RECORDS SHOWN Start Marker

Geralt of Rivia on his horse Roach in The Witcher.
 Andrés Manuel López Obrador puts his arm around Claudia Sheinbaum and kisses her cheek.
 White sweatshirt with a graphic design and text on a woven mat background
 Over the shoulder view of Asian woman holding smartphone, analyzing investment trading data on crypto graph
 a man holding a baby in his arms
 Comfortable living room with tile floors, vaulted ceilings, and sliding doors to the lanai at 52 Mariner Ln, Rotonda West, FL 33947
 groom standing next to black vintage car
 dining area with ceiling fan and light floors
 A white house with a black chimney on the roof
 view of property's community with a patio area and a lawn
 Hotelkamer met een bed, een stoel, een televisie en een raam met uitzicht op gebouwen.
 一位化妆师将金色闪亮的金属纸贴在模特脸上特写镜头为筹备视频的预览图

RECORDS SHOWN End Marker

THE TASK = When a line among the entries contains "floors", pull that line out.

WRITTEN REPLY =
 Comfortable living room with tile floors, vaulted ceilings, and sliding doors to the lanai at 52 Mariner Ln, Rotonda West, FL 33947
 dining area with ceiling fan and light floors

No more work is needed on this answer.